Segment Start: TASK INPUTS

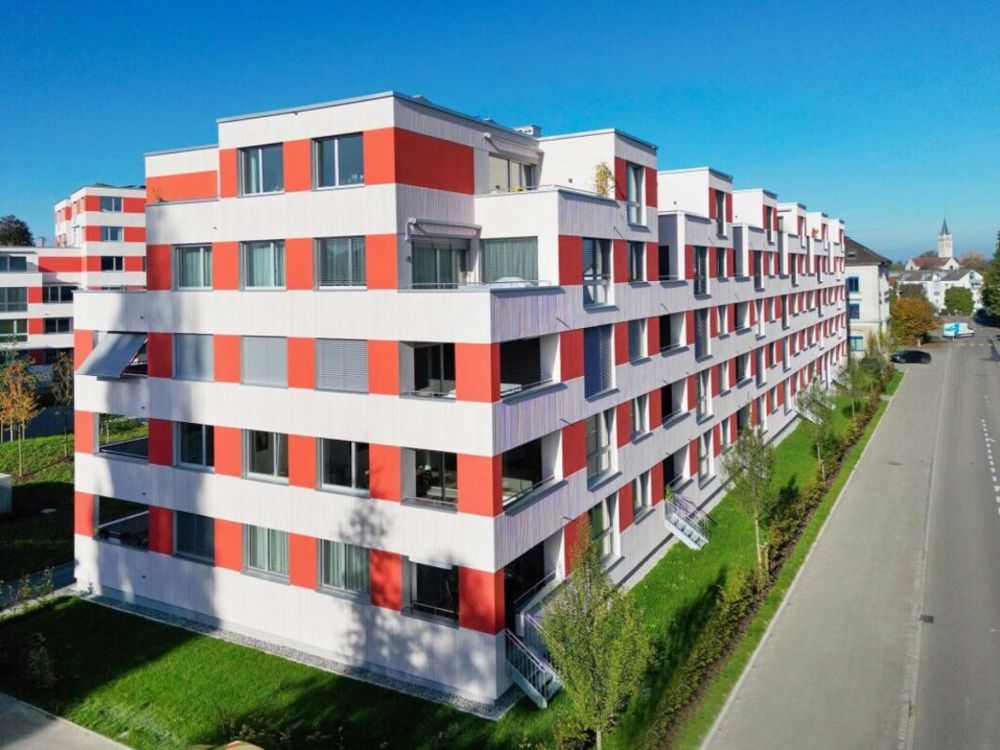Helle, grosszügige 3.5 Zimmer-Wohnung - Aussenansicht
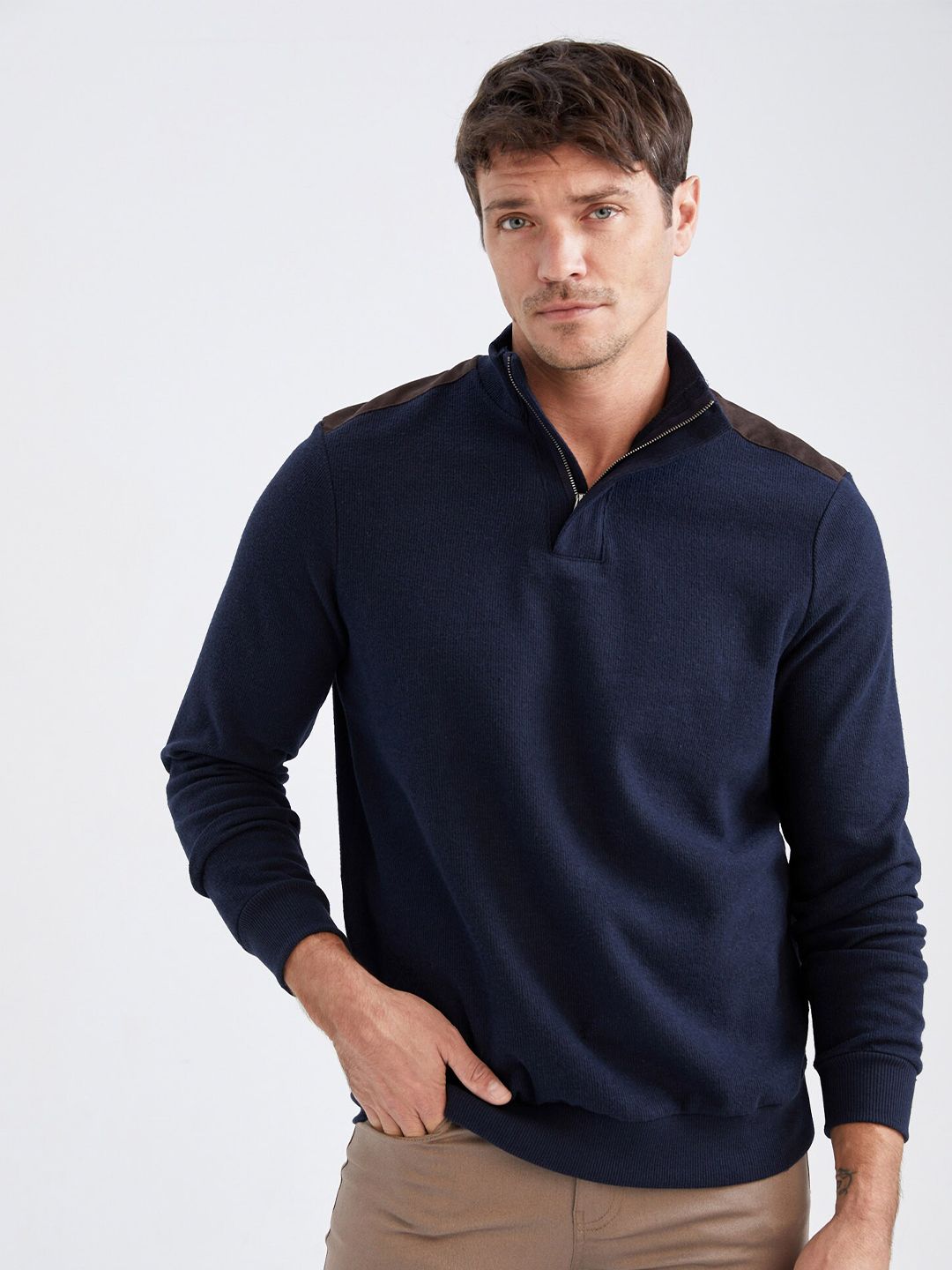  DeFacto Men Navy Blue Solid Sweatshirt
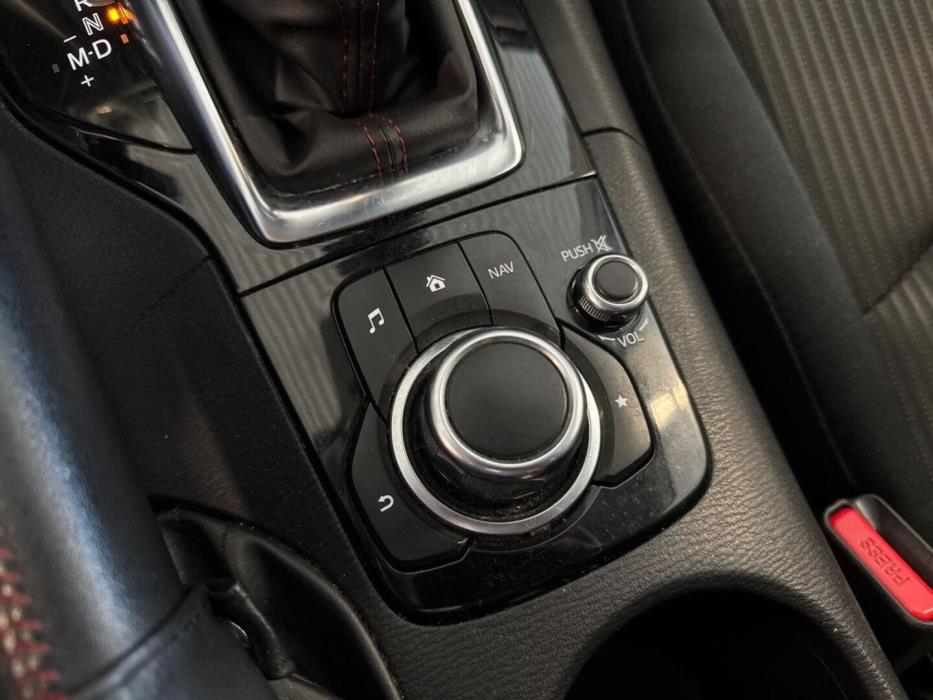 MAZDA 3 2014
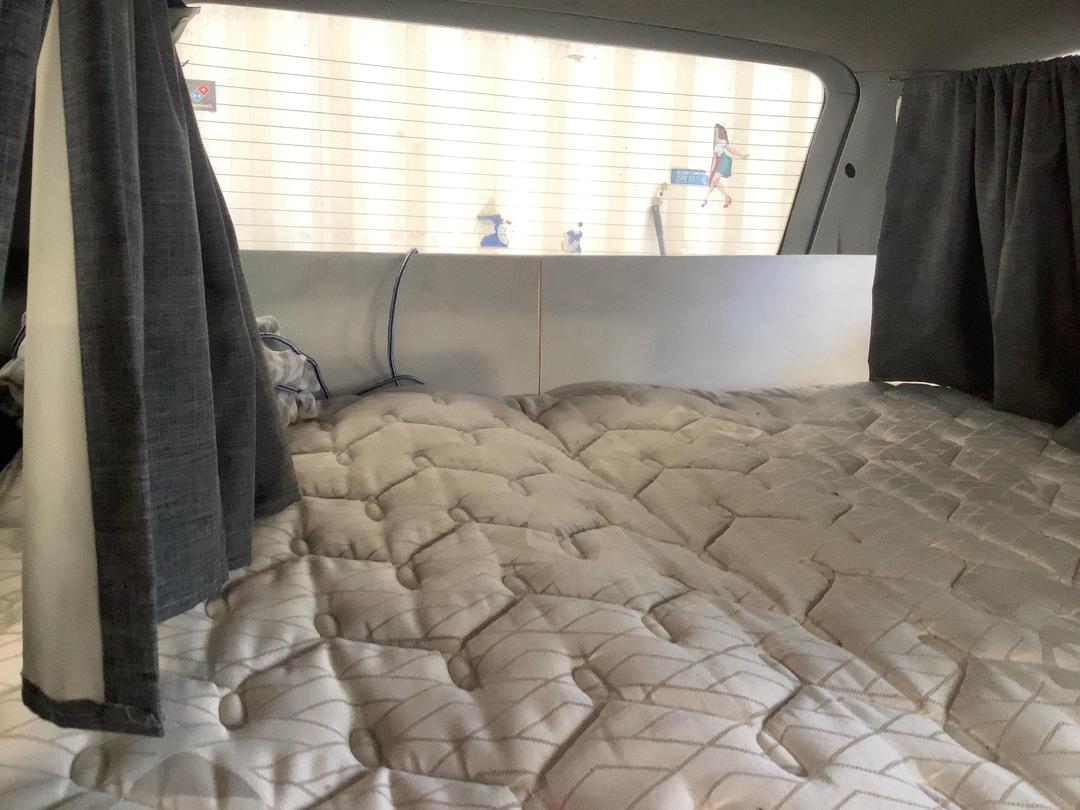 Photo '9' of Toyota Estima Aeras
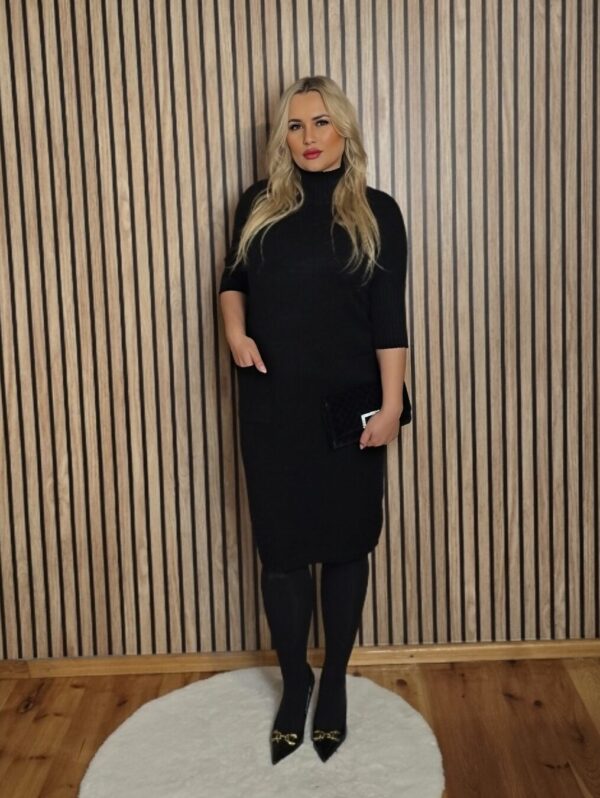 Sukienka Swetrowa z Półgolfem Bella Lungo – Czarna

Segment End: TASK INPUTS

▶ _TASK STATEMENT_: Set down, in exact form, only the lines that start at the one containing "Photo '9' of Toyota Estima Aeras" and finish at the last line of the material; pictures do not go in.

▶ _ANSWER_:
 Photo '9' of Toyota Estima Aeras
 Sukienka Swetrowa z Półgolfem Bella Lungo – Czarna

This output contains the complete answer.